PROBLEM DETAILS. Would you retype, word for word, only the lines from the one holding "a bathroom with" through the final line of the entries below, without the pictures?

EXERCISE DATA.
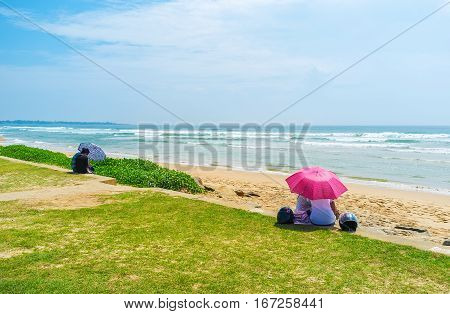 Sitting At The Beach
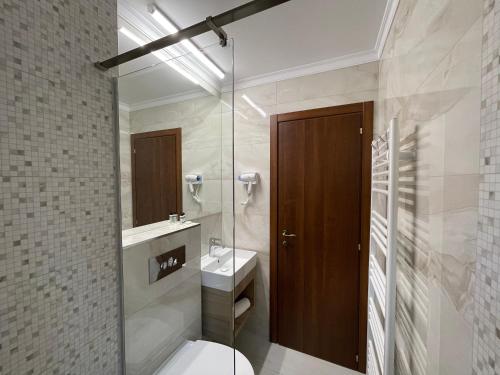 a bathroom with a toilet and a glass shower at PENSIUNEA SKY HUB in Arieşeni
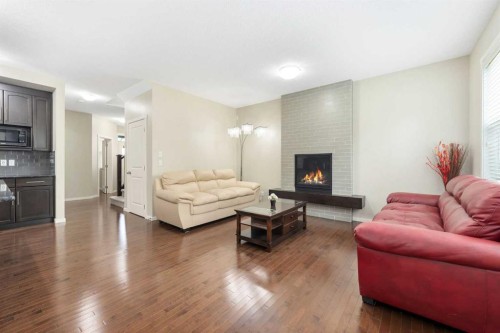 72 Walden Heights Se, Calgary, AB - Indoor Photo Showing Living Room With Fireplace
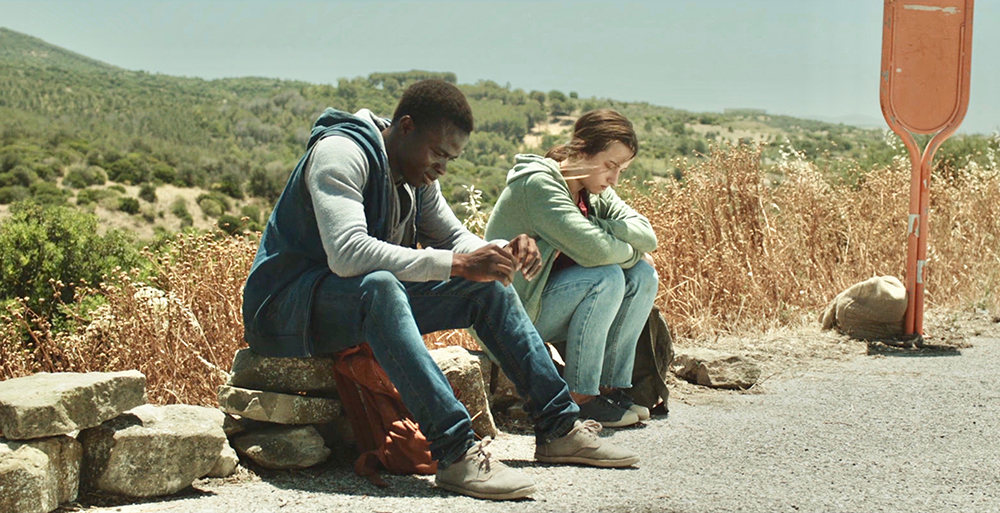 Basim and Anna meet at a bus stop in "Twin Flower"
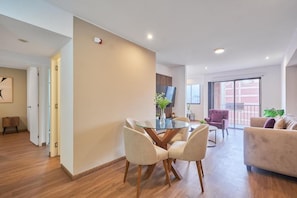A modern living room with a glass-top dining table, beige sofas, and a large window. - Modern 2Br Apartment With Pool, Gym & Coworking (Miraflores)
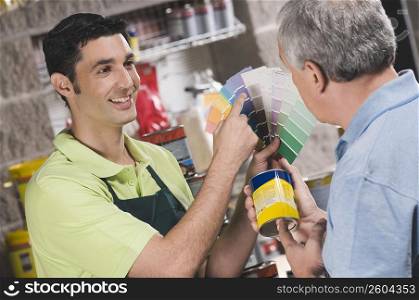 Sales clerk assisting a customer in a hardware store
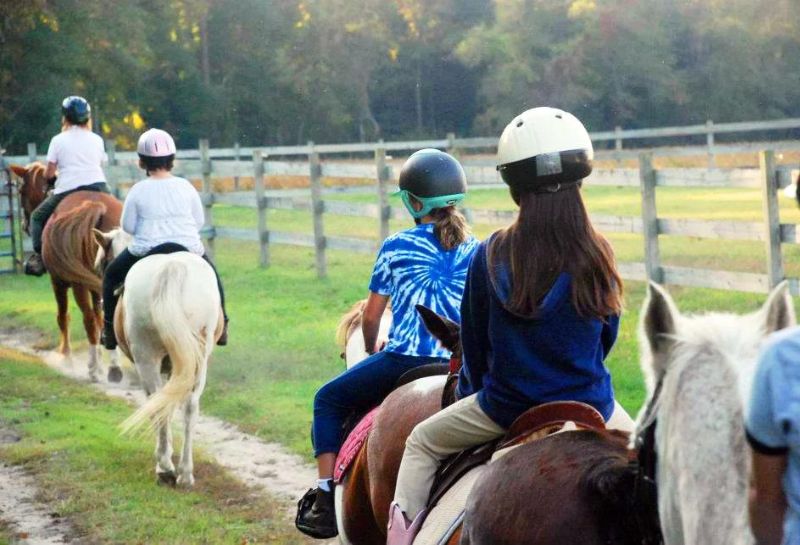 Kids riding horses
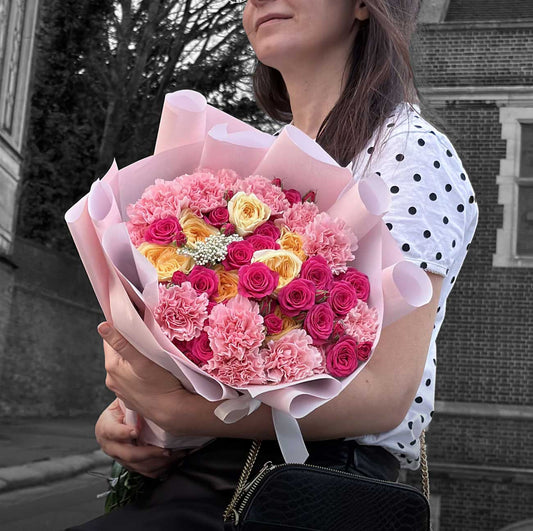 Person holding a bouquet of pink and yellow flowers outdoors.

EXERCISE RESULT.
 a bathroom with a toilet and a glass shower at PENSIUNEA SKY HUB in Arieşeni
 72 Walden Heights Se, Calgary, AB - Indoor Photo Showing Living Room With Fireplace
 Basim and Anna meet at a bus stop in "Twin Flower"
A modern living room with a glass-top dining table, beige sofas, and a large window. - Modern 2Br Apartment With Pool, Gym & Coworking (Miraflores)
 Sales clerk assisting a customer in a hardware store
 Kids riding horses
 Person holding a bouquet of pink and yellow flowers outdoors.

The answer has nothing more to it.